**TASK INPUT**
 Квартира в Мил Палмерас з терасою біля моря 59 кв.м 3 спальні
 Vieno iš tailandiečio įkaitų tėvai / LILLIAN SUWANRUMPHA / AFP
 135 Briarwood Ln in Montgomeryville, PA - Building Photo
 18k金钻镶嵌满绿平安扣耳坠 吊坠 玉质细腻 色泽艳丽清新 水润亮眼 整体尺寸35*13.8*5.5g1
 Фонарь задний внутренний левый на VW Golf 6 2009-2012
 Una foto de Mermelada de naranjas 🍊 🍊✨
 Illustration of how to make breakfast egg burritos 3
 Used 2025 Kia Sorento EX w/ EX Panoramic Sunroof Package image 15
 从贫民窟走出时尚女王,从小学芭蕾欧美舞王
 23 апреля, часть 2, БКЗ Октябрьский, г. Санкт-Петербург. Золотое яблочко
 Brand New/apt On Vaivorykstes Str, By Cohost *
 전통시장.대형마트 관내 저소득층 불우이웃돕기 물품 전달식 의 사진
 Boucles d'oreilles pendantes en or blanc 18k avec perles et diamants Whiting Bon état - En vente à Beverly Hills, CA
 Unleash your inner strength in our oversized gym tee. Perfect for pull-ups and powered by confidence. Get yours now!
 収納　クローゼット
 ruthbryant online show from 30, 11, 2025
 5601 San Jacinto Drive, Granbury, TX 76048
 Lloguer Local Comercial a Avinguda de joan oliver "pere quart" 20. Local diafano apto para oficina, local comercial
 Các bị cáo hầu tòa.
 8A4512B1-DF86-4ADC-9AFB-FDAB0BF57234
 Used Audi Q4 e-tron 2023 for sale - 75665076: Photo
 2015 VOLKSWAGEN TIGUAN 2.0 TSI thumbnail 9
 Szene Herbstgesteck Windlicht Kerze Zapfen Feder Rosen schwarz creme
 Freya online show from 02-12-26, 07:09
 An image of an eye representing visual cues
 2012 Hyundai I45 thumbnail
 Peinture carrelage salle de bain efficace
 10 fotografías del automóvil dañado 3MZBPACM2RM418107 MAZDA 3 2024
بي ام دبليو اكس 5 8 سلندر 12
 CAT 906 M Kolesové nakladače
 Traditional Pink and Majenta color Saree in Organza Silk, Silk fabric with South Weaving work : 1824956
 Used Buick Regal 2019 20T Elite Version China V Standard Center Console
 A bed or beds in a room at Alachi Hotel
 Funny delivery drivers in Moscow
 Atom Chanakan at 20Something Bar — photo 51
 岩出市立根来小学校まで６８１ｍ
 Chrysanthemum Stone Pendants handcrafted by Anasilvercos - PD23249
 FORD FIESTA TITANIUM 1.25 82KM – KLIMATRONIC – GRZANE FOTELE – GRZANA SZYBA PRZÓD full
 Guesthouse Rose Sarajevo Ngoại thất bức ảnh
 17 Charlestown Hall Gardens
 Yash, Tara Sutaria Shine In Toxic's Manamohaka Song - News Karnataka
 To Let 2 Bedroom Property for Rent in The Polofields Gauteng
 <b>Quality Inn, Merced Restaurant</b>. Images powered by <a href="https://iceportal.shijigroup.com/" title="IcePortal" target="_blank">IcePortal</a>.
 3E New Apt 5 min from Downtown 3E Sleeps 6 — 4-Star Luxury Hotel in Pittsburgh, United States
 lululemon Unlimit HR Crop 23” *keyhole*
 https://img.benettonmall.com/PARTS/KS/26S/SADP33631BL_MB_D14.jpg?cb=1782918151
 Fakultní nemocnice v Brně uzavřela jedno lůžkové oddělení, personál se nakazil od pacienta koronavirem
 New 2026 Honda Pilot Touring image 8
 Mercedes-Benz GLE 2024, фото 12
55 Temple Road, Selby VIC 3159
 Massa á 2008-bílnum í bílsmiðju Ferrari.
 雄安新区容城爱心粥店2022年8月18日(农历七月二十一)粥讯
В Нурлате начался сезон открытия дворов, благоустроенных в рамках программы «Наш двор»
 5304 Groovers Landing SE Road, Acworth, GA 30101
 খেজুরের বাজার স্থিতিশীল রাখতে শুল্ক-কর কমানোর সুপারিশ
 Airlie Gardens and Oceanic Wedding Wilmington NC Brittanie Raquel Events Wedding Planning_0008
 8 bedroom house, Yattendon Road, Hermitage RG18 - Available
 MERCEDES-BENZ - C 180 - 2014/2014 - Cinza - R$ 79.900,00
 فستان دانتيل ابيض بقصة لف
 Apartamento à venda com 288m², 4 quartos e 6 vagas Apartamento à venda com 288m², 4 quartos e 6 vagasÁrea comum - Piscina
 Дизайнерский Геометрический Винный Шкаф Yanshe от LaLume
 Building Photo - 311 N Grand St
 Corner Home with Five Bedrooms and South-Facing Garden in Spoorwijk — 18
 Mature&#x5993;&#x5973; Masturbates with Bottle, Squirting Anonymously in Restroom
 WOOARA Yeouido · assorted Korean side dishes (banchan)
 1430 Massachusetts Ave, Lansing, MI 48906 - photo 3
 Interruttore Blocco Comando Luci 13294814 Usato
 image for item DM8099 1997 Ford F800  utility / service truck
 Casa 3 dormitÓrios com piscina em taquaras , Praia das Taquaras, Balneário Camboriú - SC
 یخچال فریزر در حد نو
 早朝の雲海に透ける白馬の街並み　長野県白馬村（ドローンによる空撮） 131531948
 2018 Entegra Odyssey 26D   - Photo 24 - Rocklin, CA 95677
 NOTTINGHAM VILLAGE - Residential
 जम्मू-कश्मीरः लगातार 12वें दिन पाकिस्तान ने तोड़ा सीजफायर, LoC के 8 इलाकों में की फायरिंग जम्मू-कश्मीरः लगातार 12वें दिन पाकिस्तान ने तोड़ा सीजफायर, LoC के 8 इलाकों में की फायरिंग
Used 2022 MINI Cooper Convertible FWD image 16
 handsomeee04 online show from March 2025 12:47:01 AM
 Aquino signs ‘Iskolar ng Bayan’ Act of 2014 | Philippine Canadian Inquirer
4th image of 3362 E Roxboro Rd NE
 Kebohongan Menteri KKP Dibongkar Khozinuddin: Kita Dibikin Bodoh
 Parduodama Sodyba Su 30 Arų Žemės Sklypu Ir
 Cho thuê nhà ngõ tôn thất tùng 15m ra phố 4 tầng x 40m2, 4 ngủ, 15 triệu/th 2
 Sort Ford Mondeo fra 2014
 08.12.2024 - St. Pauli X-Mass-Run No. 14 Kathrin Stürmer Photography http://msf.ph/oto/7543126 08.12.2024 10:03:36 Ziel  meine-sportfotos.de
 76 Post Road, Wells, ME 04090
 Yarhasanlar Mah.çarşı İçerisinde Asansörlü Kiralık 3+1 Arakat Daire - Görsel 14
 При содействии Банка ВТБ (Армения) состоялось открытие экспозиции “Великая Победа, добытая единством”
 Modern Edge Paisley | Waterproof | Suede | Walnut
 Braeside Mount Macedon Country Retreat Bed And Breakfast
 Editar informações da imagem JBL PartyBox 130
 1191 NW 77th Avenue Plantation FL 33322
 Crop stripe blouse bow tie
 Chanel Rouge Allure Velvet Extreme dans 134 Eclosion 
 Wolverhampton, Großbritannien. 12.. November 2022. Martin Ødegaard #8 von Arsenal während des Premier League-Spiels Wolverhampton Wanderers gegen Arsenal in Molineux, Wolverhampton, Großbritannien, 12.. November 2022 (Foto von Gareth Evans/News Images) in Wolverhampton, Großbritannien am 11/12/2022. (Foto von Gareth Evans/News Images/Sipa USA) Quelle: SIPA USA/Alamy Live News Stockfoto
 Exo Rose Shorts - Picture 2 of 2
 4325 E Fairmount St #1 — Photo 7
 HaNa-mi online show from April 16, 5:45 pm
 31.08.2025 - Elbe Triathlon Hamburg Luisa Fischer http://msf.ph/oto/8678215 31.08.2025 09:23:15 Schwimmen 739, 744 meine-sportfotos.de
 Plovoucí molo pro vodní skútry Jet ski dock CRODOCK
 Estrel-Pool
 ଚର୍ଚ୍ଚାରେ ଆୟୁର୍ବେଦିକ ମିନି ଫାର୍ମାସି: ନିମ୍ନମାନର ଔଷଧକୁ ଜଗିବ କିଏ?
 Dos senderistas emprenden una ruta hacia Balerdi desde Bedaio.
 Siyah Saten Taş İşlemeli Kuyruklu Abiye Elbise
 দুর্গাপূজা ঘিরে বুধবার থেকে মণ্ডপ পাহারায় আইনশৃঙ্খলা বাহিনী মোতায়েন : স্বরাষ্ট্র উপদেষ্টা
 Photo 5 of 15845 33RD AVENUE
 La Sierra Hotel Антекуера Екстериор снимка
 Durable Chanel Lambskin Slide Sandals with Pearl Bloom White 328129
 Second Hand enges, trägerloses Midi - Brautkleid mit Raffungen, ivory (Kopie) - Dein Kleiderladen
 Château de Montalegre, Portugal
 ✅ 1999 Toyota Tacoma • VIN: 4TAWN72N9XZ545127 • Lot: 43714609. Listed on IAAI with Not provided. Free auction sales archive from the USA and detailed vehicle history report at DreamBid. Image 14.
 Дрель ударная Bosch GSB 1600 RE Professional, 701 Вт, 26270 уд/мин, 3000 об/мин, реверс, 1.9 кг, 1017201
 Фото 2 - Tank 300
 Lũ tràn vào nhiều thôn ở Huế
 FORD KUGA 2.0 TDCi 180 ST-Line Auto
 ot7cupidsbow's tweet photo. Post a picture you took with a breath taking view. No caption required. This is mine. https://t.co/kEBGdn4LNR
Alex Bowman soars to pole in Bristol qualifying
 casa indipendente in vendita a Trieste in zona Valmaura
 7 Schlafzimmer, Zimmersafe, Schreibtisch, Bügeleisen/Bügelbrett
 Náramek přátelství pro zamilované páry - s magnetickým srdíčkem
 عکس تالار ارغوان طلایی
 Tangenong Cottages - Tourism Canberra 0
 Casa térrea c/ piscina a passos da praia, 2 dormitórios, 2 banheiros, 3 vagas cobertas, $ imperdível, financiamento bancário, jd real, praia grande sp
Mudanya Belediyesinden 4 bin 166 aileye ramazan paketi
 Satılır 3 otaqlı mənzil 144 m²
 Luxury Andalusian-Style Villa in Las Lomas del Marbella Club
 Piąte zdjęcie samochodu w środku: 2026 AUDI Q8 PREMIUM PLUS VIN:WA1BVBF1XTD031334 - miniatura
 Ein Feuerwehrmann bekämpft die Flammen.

**TASK DIRECTIONS**
Restate the records above verbatim up to and including the line containing "5601 San Jacinto Drive, Granbury, TX 76048".

**EXPECTED ANSWER**
 Квартира в Мил Палмерас з терасою біля моря 59 кв.м 3 спальні
 Vieno iš tailandiečio įkaitų tėvai / LILLIAN SUWANRUMPHA / AFP
 135 Briarwood Ln in Montgomeryville, PA - Building Photo
 18k金钻镶嵌满绿平安扣耳坠 吊坠 玉质细腻 色泽艳丽清新 水润亮眼 整体尺寸35*13.8*5.5g1
 Фонарь задний внутренний левый на VW Golf 6 2009-2012
 Una foto de Mermelada de naranjas 🍊 🍊✨
 Illustration of how to make breakfast egg burritos 3
 Used 2025 Kia Sorento EX w/ EX Panoramic Sunroof Package image 15
 从贫民窟走出时尚女王,从小学芭蕾欧美舞王
 23 апреля, часть 2, БКЗ Октябрьский, г. Санкт-Петербург. Золотое яблочко
 Brand New/apt On Vaivorykstes Str, By Cohost *
 전통시장.대형마트 관내 저소득층 불우이웃돕기 물품 전달식 의 사진
 Boucles d'oreilles pendantes en or blanc 18k avec perles et diamants Whiting Bon état - En vente à Beverly Hills, CA
 Unleash your inner strength in our oversized gym tee. Perfect for pull-ups and powered by confidence. Get yours now!
 収納　クローゼット
 ruthbryant online show from 30, 11, 2025
 5601 San Jacinto Drive, Granbury, TX 76048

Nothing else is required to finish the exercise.